But this flattering view of the American spirit is being challenged by an
alliance of liberals, ethnic minorities and interest groups who insist on
denouncing Columbus as a false hero. The charges against Columbus range
from racism and genocide to sexism and environmental terrorism. The anti-Columbus
lobby is calling into question the official interpretation by arguing that
the year 1492 opened an era not of discovery but of genocide, not of freedom
but of slavery, not of progress but of barbarism. One of the main liberal
contributors to the debate, Hans Koning, describes Columbus as 'a man greedy
in large and in small ways, cruel in petty things and on a continental scale'
(Columbus: His Enterprise, p7). One American protester was more scathing,
saying that Columbus 'makes Hitler look like a juvenile delinquent' (quoted
in Economist, 21 December 1991).
What is striking about the arguments of the antiColumbus faction is their
lack of originality. The modernday critics of Columbus have not unearthed
any new evidence about what happened in 1492, but are simply reinterpreting
some well-known facts. The barbaric treatment meted out to the American
Indians by the Spanish Empire, for instance, has been condemned ever since
Bartolomé de las Casas, a Catholic priest who travelled with Columbus,
took up their cause. No significant new facts have been brought to light
about the horrors of conquest which the Spanish themselves described without
shame.
The absence of any new revelations about 1492 begs the question why is Columbus
being indicted 500 years after the event? The ferocity of the contemporary
debate about the merits or crimes of Columbus cannot be understood simply
in the terms set out by the protagonists on either side. A comparison with
the four hundredth anniversary celebrations of 1892 suggests that the current
debate has less to do with what happened in 1492 and more to do with what
is happening in 1992.
Antonín Dvorák's Symphony No9, 'From the New World', captured
the mood of energy and optimism that accompanied the celebrations 100 years
ago. Perhaps the key event to commemorate the discovery was the World's
Columbian Exposition, organised in Chicago as part of the celebrations.

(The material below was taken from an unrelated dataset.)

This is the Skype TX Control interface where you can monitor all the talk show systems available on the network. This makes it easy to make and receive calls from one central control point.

Thirty times the size of the Paris Universal Exposition of 1855, it attracted
24m visitors in a country of just 63m inhabitants. The Exposition's publicists
were not coy about promoting America's greatness: 'All the marvels of the
world, and the products of all the master geniuses in art and invention,
are gathered there to delight and instruct - a very panorama of the possibilities
of human ingenuities and persistent effort.' (Quoted in Kirkpatrick Sale,
The Conquest of Paradise, p353)
The purpose of the 1892 celebrations was not to remember the past but to
celebrate the achievements of a country that had come a long way since 1492.

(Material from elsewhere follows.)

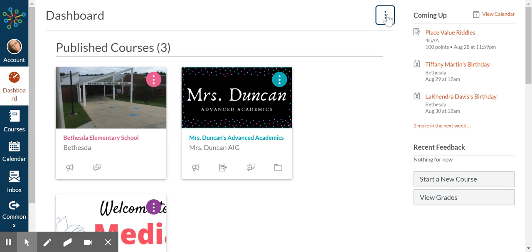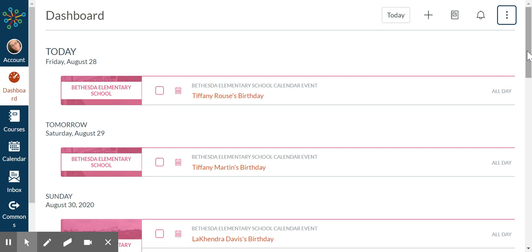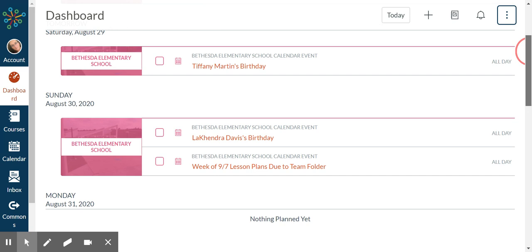You can also change to a list view if you'd prefer to see things that way and see some updated calendar events that are listed in there.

There was no nostalgia for the past, because the future seemed to have so
much to offer. Washington Irving's then popular biography of Columbus, written
in 1828, remarked that, 'amidst the afflictions of his age and the cares
of penury', Columbus would have been consoled if he could have imagined
'the splendid empires which were to spread over the beautiful world he had
discovered' (The Life and Voyages of Christopher Columbus). America
was proud of its past achievements and confident about the future.
The contrast with this year's five hundredth anniversary is stark. This
time around, history, and having the correct interpretation of it, is the
issue. For the American right, the Columbus anniversary is being used to
proclaim the contemporary relevance of the American Dream. Of course, history
has always been used to justify and promote a particular view of contemporary
society. David Henige, for instance, understands that 'a serene but unexamined
belief in the actuality of the recorded past is necessary to an acceptable
present' (In Search of Columbus). But what is new today is that,
unlike in 1892, a 'serene belief' in America's national myths is very unfashionable.
This is not surprising, considering how much things have changed in America's
recent past. America is a nation in decline, best symbolised by George Bush
being sick and passing out while on his car-selling visit to Japan. America
is no longer the place where your dreams come true. Chicago, which hoped
to match its performance of 1892, entered the contest to host the 1992 World's
Fair. Unable to raise enough funds, it was beaten to it by Seville, capital
of poverty-stricken Andalusia in Spain.
The current polemic reveals nothing about the past, but much about the present
failures of American society. The national myths propagated by the right
no longer bear any relation to the reality of life for a growing number
of Americans. The US elite is less and less able to satisfy the expectations
of the American people, and to unite them behind a common vision of national
achievement. As the Clarence Thomas case and many recent public controversies
have shown, American society is profoundly divided along ethnic and racial
lines.
The deterioration of the economic and social fabric, and the marginalisation
of black and ethnic groups, has encouraged a reassessment of the national
myths that have shaped the nation's identity. Each section of society now
claims the right to a history exclusive to their group. While the establishment
celebrates Columbus as a national hero, dissatisfied minorities attack the
official national history and insist that Columbus is a hero only for Americans
of white European descent.
Barbara Ransby, an African-American historian, applauds the 'efforts underway
to reclaim, inch by inch, the confiscated territory which is our history'
('Columbus and the making of historical myth', Race & Class, Vol33
No3, January/March 1992). By contesting the official interpretation of American
history, ethnic minority groups are fighting for a piece of the action and
staking a claim to society's resources today.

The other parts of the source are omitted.